◆ **Exercise objective**
Write down the listing again exactly as it appears below, without its pictures.

◆ **Data below**
--------

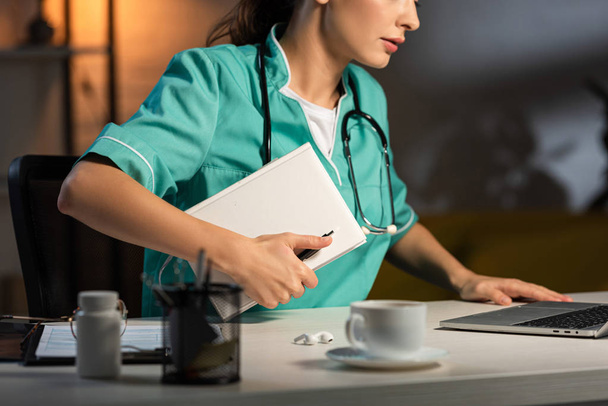 vista recortada de la enfermera en uniforme sentada en la mesa y sosteniendo el cuaderno durante el turno de noche
 - Foto, Imagen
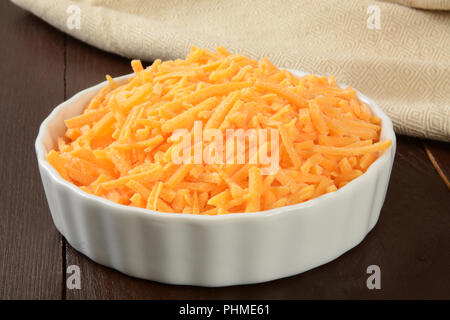 Eine Schüssel mit geriebenem sharp Cheddar Käse auf einem rustikalen Holzmöbeln Zähler Stockfoto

--------

◆ **Solution below**
 vista recortada de la enfermera en uniforme sentada en la mesa y sosteniendo el cuaderno durante el turno de noche
 - Foto, Imagen
 Eine Schüssel mit geriebenem sharp Cheddar Käse auf einem rustikalen Holzmöbeln Zähler Stockfoto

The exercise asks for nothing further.